→ **Your assignment**
Return each line of the records with nothing changed, pictures excepted.

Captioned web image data
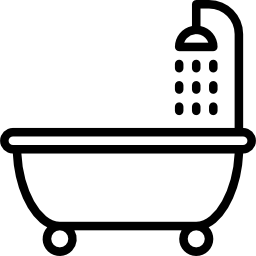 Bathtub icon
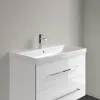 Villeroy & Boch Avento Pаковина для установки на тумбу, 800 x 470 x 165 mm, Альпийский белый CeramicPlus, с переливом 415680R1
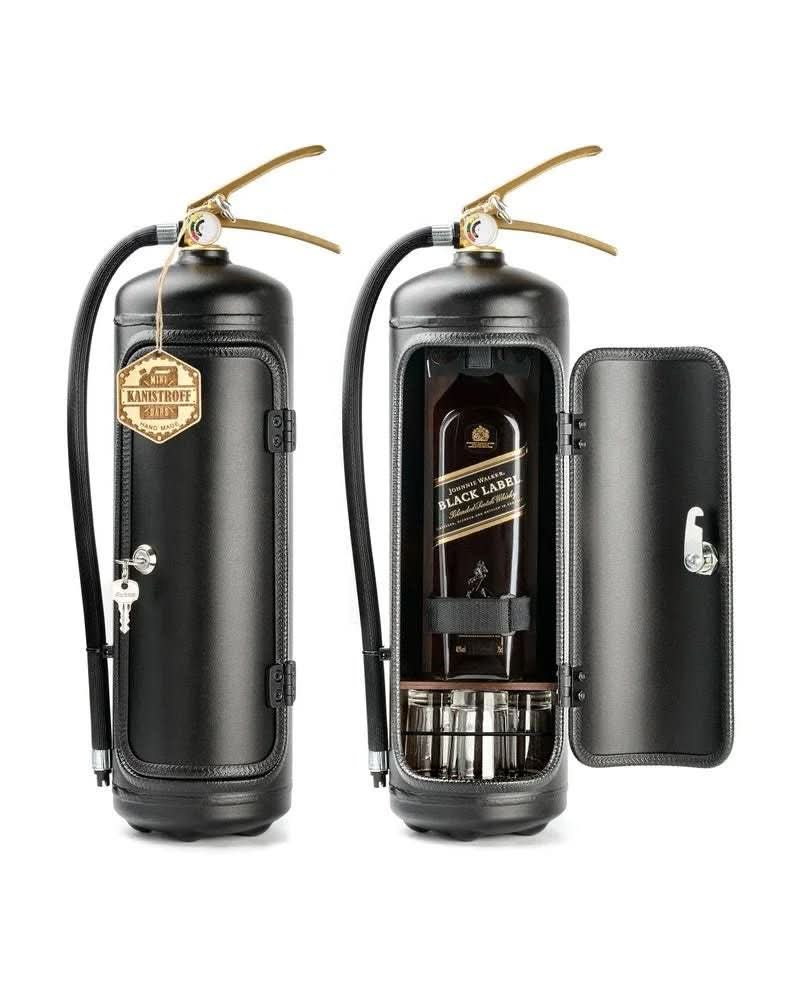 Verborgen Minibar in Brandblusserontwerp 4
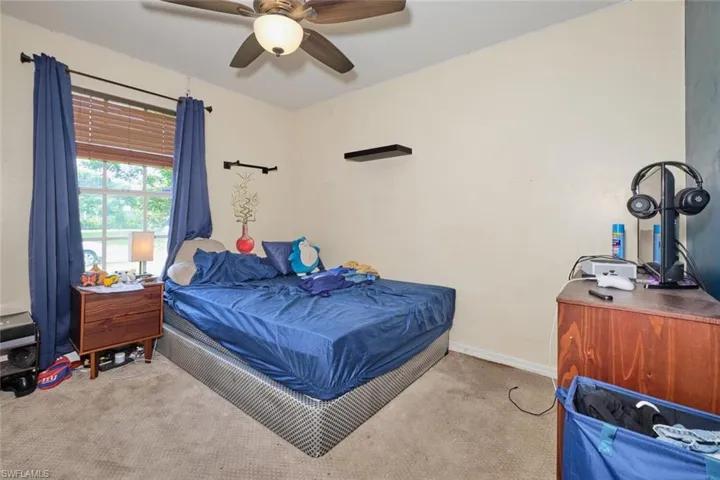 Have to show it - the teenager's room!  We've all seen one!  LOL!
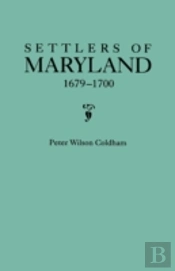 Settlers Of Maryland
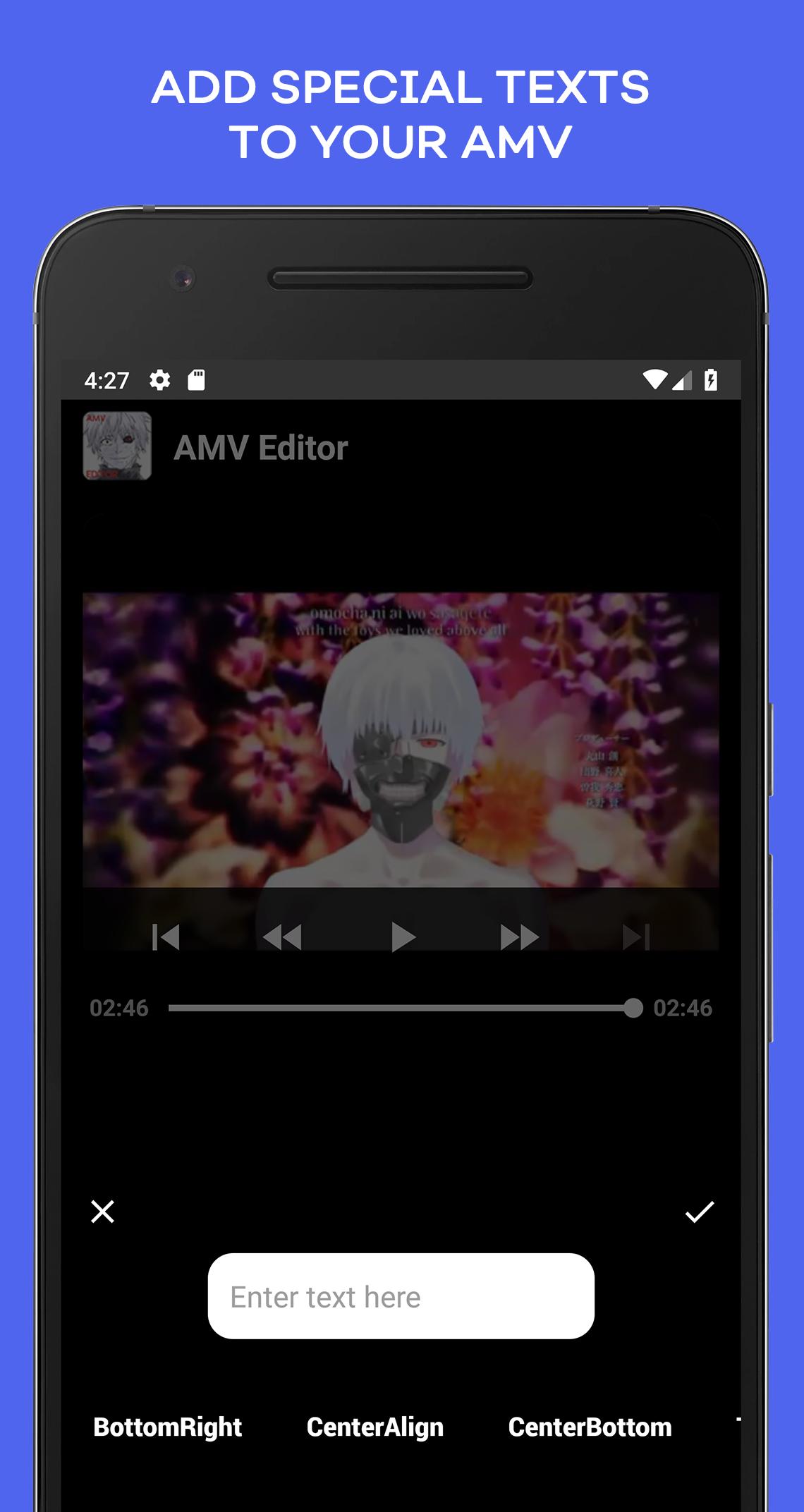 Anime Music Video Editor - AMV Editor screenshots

→ **Solution to this exercise**
 Bathtub icon
 Villeroy & Boch Avento Pаковина для установки на тумбу, 800 x 470 x 165 mm, Альпийский белый CeramicPlus, с переливом 415680R1
 Verborgen Minibar in Brandblusserontwerp 4
 Have to show it - the teenager's room!  We've all seen one!  LOL!
 Settlers Of Maryland
 Anime Music Video Editor - AMV Editor screenshots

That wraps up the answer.